Costa Coffee in Brockenhurst. Only place open that my mum could hobble into. Coffee was almost undrinkable.


----------



## mrypg9 (Apr 26, 2008)

Alcalaina said:


> Costa Coffee in Brockenhurst. Only place open that my mum could hobble into. Coffee was almost undrinkable.


Brockenhurst!!!!!! I remember it well..

My dad's mother lived in Lymington....over half a century ago, mind.
I used to spend weekends with her when I was very young. She was Irish and the house was full of religious statues and pictures of the BVM looking very Irish with want looked to me like the Mountains of Mourne in the background.

I have so very many happy memories of the New Forest....

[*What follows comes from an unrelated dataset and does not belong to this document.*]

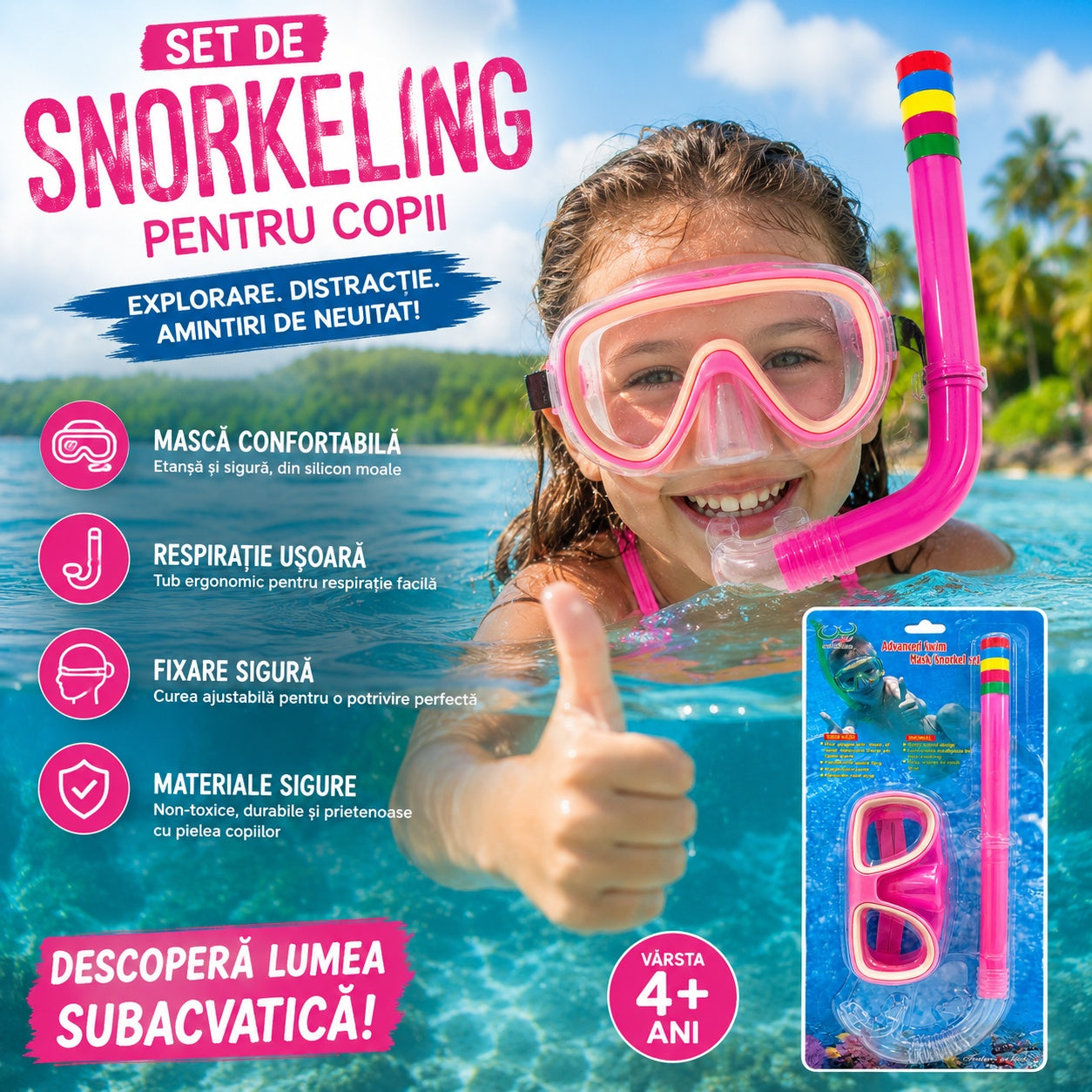 Set Snorkeling pentru Copii Roz – Mască și Tub Respirator pentru Înot și Scufundări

Coffee is awful in the UK, isn't it...Hard for someone like me who gets nausea at the smell of tea...
Is it as difficult to get a decent cup of tea in the UK? I've often wondered...


----------



## 90199 (Mar 21, 2010)

mrypg9 said:


> Brockenhurst!!!!!! I remember it well..
> 
> My dad's mother lived in Lymington....over half a century ago, mind.
> I used to spend weekends with her when I was very young. She was Irish and the house was full of religious statues and pictures of the BVM looking very Irish with want looked to me like the Mountains of Mourne in the background.
> ...


Oh stop moaning drink beer


----------



## Alcalaina (Aug 6, 2010)

mrypg9 said:


> Brockenhurst!!!!!! I remember it well..
> 
> My dad's mother lived in Lymington....over half a century ago, mind.
> I used to spend weekends with her when I was very young. She was Irish and the house was full of religious statues and pictures of the BVM looking very Irish with want looked to me like the Mountains of Mourne in the background.
> ...


It may actually have been in Lymington - we were staying in a holiday cottage in Sway, which is midway between the two. Very pretty but a bit too Countryside Alliance for me.

I only wanted a small Americano, but they gave me a massive cup so heavy I needed two hands to lift it and it tasted like dishwater.

The only place I know of in the UK where you can get a decent cup of tea is the Harbour Fish Restaurant in Whitstable. Peter Cushing used to go there for tea. It's probably been turned into a tapas bar now though.


----------